Trees release the most sap when temperatures drop below freezing at night and rise above it during the day.

“Some days, it runs hot and heavy,” Caldwell said.

The fluctuations are still somewhat mysterious, but it’s likely the tree pulls sap into its limbs to protect against frost and then sends it back to its roots.

In tapped trees, about 1% of the sap is harmlessly released through the spiles. If the sap stops running for too long, the bark heals and new holes must be drilled.

Syrup terroir

Thousands of gallons of sap were harvested this winter on the properties, but that will yield only about 10 gallons of syrup.

The sap-to-syrup ratio is one reason Caldwell isn’t worried Northwest landowners will quickly generate a massive surplus, as has occurred with hemp and other farm products.

“This is hard to overproduce,” he said.

Because Northwest syrup production is starting at a small scale, producers can also capitalize on the subtle flavor differences across the landscape, similar to the “terroir” in wine.

Instead of processors homogenizing the product, which is common in major production areas, Northwest syrups could retain the taste unique to their location, said Scheb.

“That’s the beauty of here, is you get more of a craft industry with a variety of flavors,” he said.

Though the Northwest will probably “always be a bit more boutique” than the Northeast, that can work to the region’s advantage, Jones said. Just as microbrews are spendier than Budweiser, bigleaf maple syrup commands a higher price point.

Top-shelf sugar maple syrup from New England costs about $100 per gallon, while the small amount of commercially available Northwest bigleaf maple syrup sells for three times that, he said.

That gap may shrink as volumes grow, but bigleaf maple syrup is likely to continue receiving a premium, Jones said.

“It looks promising to always be a higher value,” he said.

Bigleaf maple syrup contains three times as much calcium, potassium and other minerals as conventional maple syrup, Jones said.
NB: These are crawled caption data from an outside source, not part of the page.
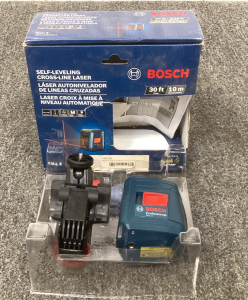 Bosch Self-Leveling Cross-Line Laser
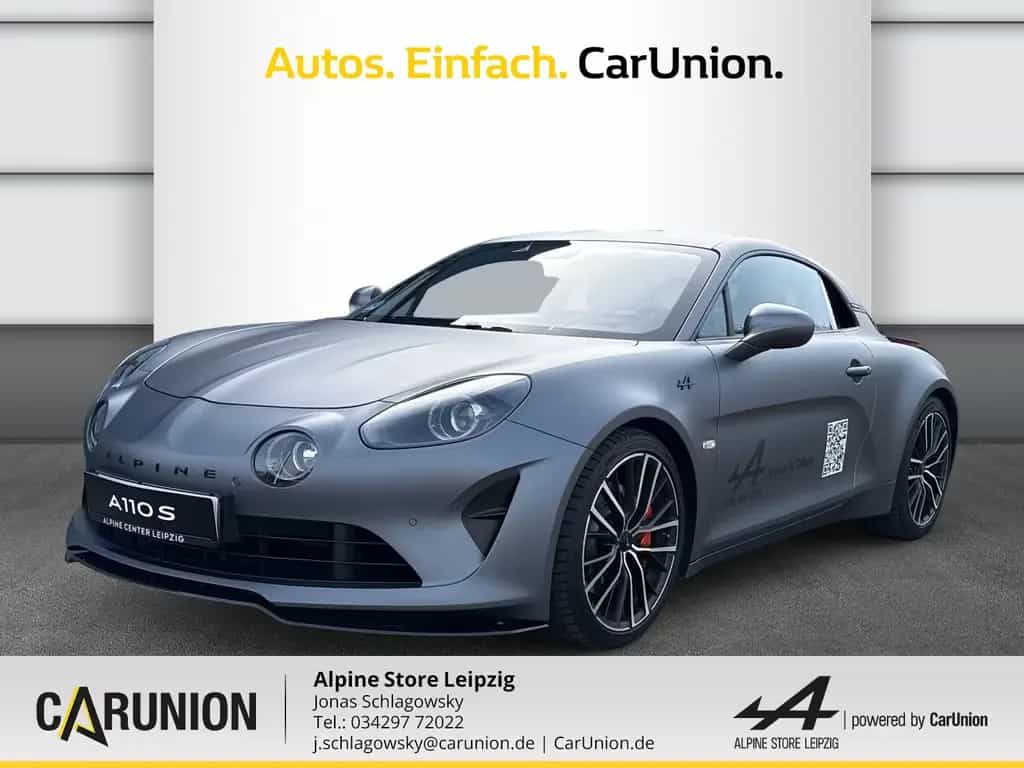 Alpine A110 A110 S*AERO-Paket* PDC+KAMERA*ABLAGE-PAKET* 08/2025-photo-0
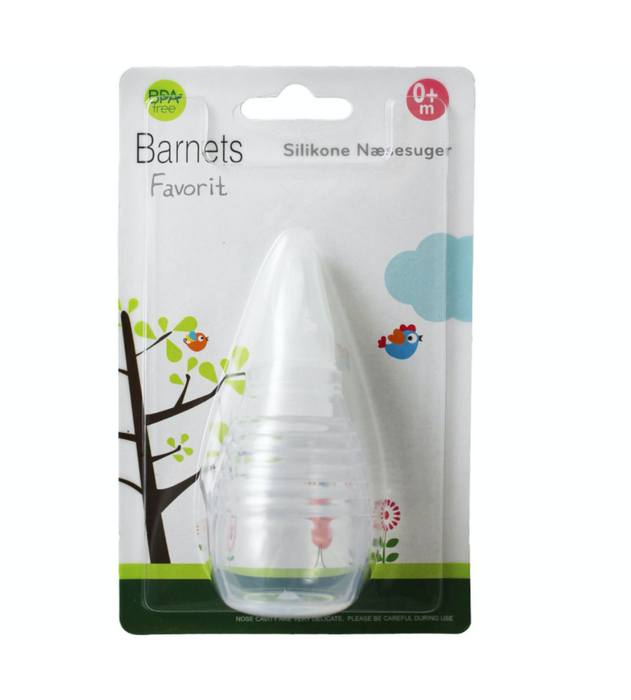 Aspirateur nasal en silicone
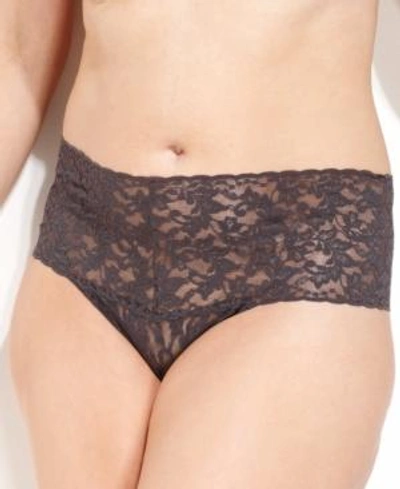HANKY PANKY WOMEN'S PLUS SIZE RETRO THONG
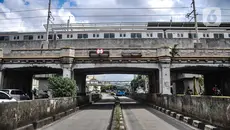 Ditabrak Molen, Ini Cerita Viaduk Matraman yang Termasuk Cagar Budaya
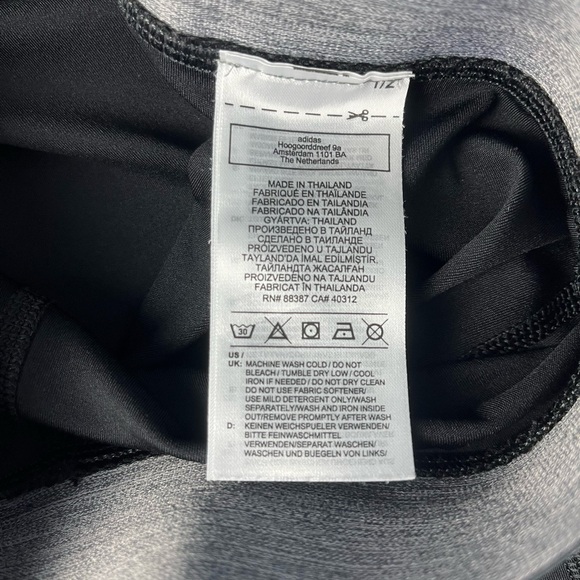 Adidas x Peloton stretch compression legging NWOT - Picture 5 of 6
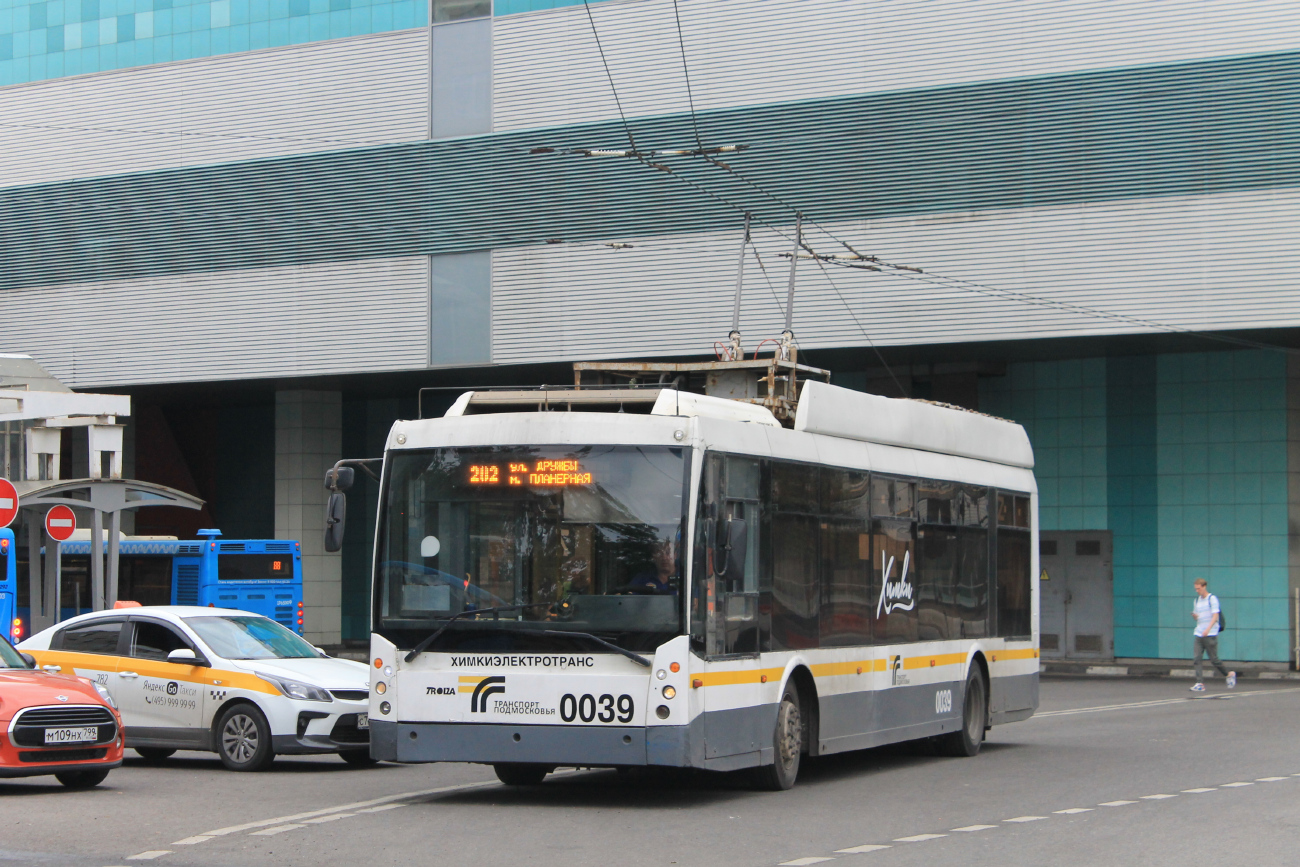 Khimki, Trolza-5265.00 “Megapolis” # 0039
Those nutrients convey a “more complex, richer flavor” that consumers have preferred in formal tastings conducted by OSU.

USDA funding

The university’s bigleaf maple project is funded with $1 million from a USDA grant program to promote domestic syrup production, which has paid for the pumps, tubing, evaporator and refining equipment being tested by Caldwell, Johnston and Pendergrass.
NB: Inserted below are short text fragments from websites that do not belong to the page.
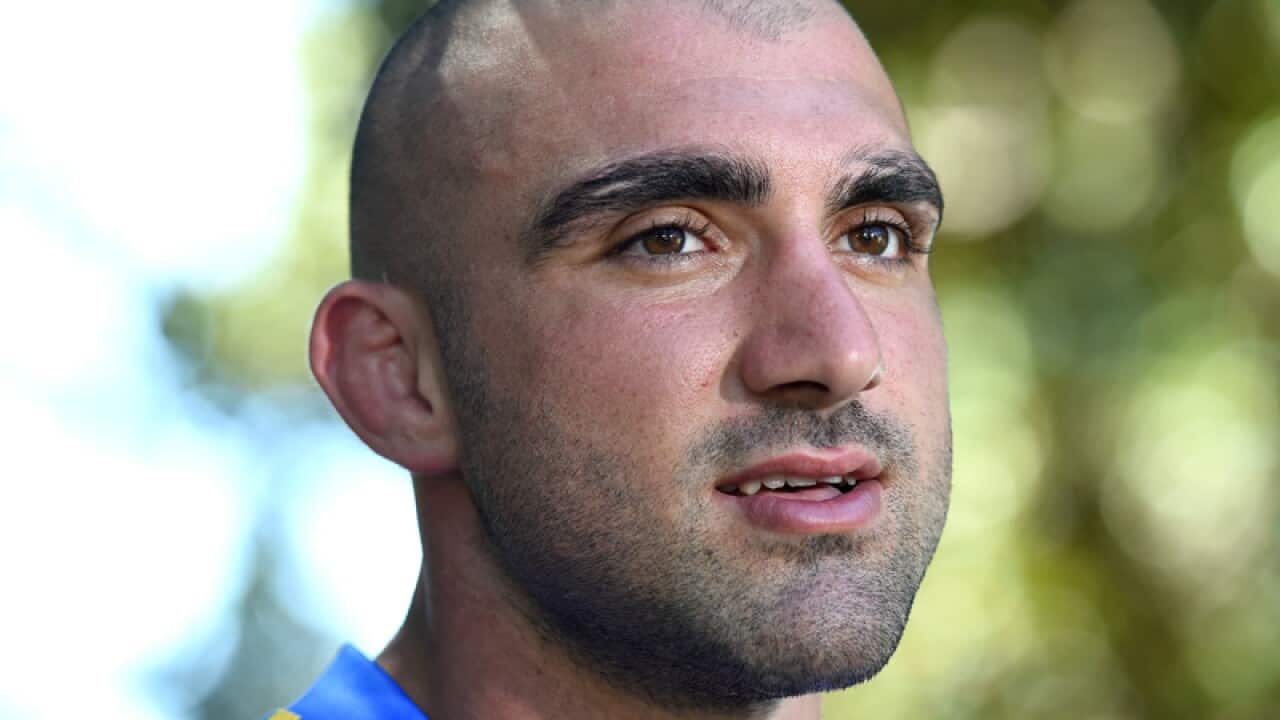 Parramatta Eels NRL captain, Tim Mannah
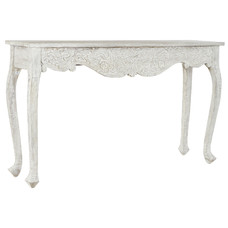 CONSOLA MANGO 150X40X90 DECAPE BLANCO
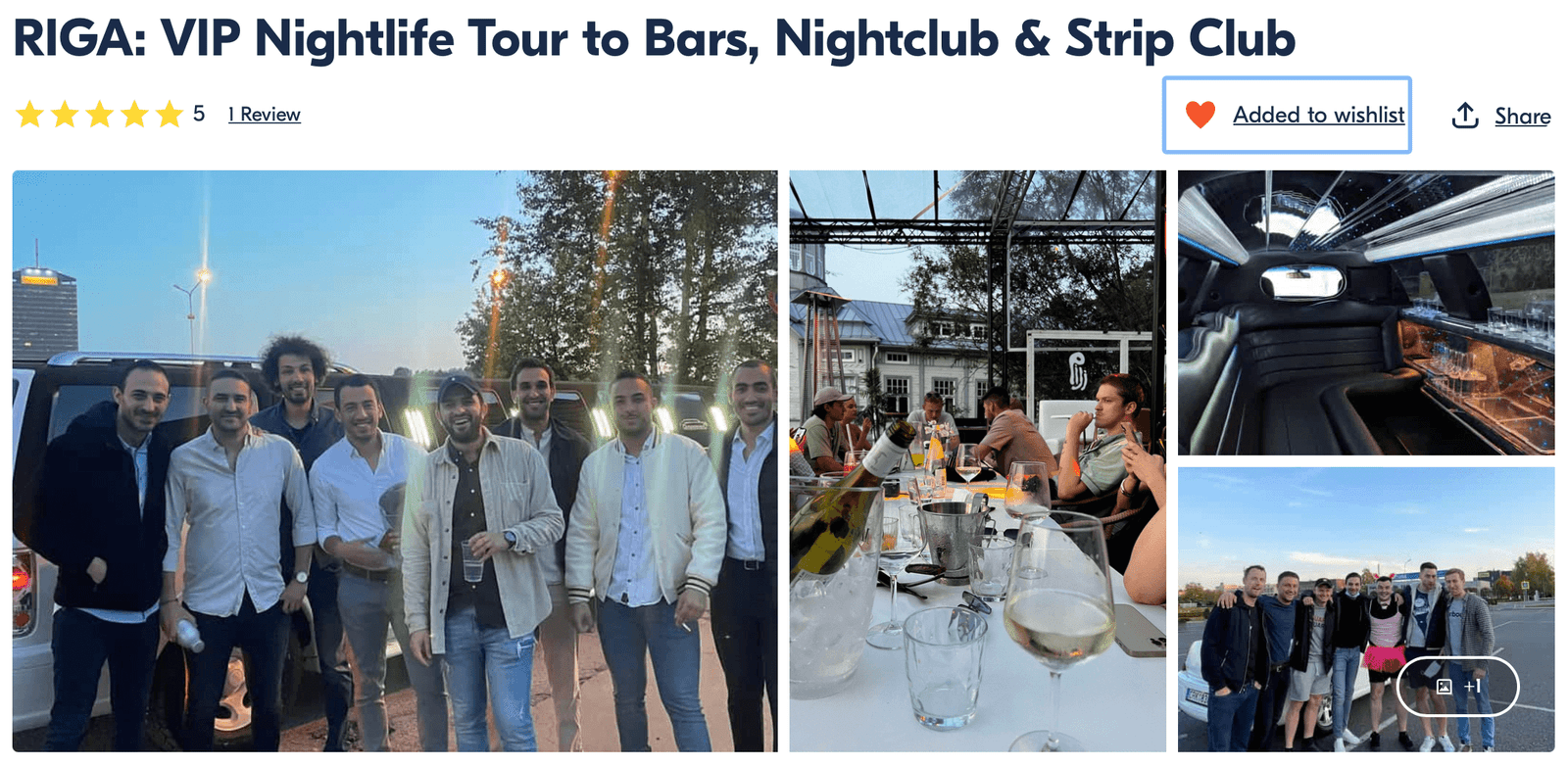 Riga nightlife tour - the best night tours in Riga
Landowners who are interested in the budding industry are invited to attend the Oregon Bigleaf Maple Festival, scheduled for May 13 at the Oregon 4-H Center in Salem, Ore.

As the industry gains its legs, it’s likely to provide an economic boost not only to syrup producers but to equipment distributors and other ancillary businesses in the region, Jones said.

“I think it could develop over the next couple decades to be on par with the blueberry industry,” he said. The USDA values annual blueberry sales at $400 million in Oregon and Washington.

“This is just the beginning,” Jones said. “We have a long way to go.”